It is not very often that a politician will admit to poor choices, let alone characterize a choice as “stupid.”
Upper Grand District School Board trustee Kathryn Cooper deserves credit for at least being honest as she recounted her missteps with the French immersion boundary review at Edward Johnson Public School in Guelph. She was attempting to point out some positives for parents in the event students had to transfer to her home school in Brisbane.
But the accolades have to stop there, in what reads like a comedy of errors that should have been nipped in the bud by several political veterans.
Cooper came up with the idea of selling Erin to Guelph-Eramosa residents who were potentially facing a transfer of their children in French immersion from Guelph to Brisbane. We suggest “potentially” because the school board had not yet firmed up its proposal that would see Guelph-Eramosa students head to Brisbane due to overcrowding at the Guelph school.
That was the first egregious mistake: pre-supposing the move was a fait accompli before the board formally adopted its report or, at the very least, presented that draft report to citizens for their comments.
The second and third errors were seeking out and getting funding from the Town of Erin council to promote the upside of the pending boundary change.
In essence, one political body, the school board, was in the throes of making a choice that would see students travel farther, in the opposite direction, from the Rockwood area.
The second political body, Erin council, arguably in the position of benefiting from more potential commercial activity, jumped the gun by promoting that idea while a political choice was still very much up in the air. If the shoe had been on the other foot and Brisbane students were heading to Rockwood, we can only imagine the howl and cry for luring residents there. It doesn’t make for good neighbours.
The fourth error, which is actually quite surprising, was having a town official promote an out-of-town graphics firm to design the promotional kits. It seems to us a dangerous strategy for staff to recommend a single source, albeit a viable choice, when other local choices exist. Promoting local business first is surely a primary element of any economic development activity in any municipality.
The fifth error, shouldered in part by school board chairman Bob Borden, was pecuniary interest. It is our understanding one of Cooper’s children attends the French immersion program at Brisbane and Cooper notified the board of that at the outset of the boundary review.
Still, it makes it difficult to appear completely unbiased, certainly to parents of children in Rockwood who are also served by Cooper as their trustee. Surely fellow board members could have aided the relatively new trustee with some friendly advice that sometimes it’s better to step aside under such hard-to-be-neutral circumstances.
But this melee is nothing new. We have long held the belief there is too much intermingling of affairs between different political bodies. This certainly is a prime example and adds to our over arching concern stretching from local government, through provincial politics, right on up to the federal government. Everyone seems to want a piece of the action.

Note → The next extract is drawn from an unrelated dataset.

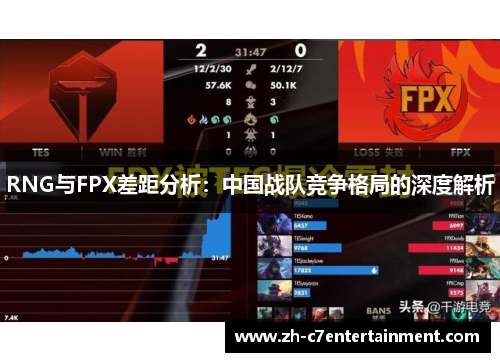 RNG与FPX差距分析:中国战队竞争格局的深度解析 RNG与FPX差距分析:中国战队竞争格局的深度解析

Since much of the economic development activities we have seen over the years are typically fuzzy, the effort in Erin was not a complete surprise. As councillor John Brennan suggested in the accompanying article to this saga (page 12), “for $600 we might as well give it a shot.”
That is not good enough, particularly when the concept was sketchy to begin with.
If the criteria for funding are that vague, money will continue to flow out the door with little in the way of concrete results – and results is what economic development is about, isn’t it?
Despite this debacle, we hope students get along well in their new school when the time comes, and that parents get to know Erin and its good qualities.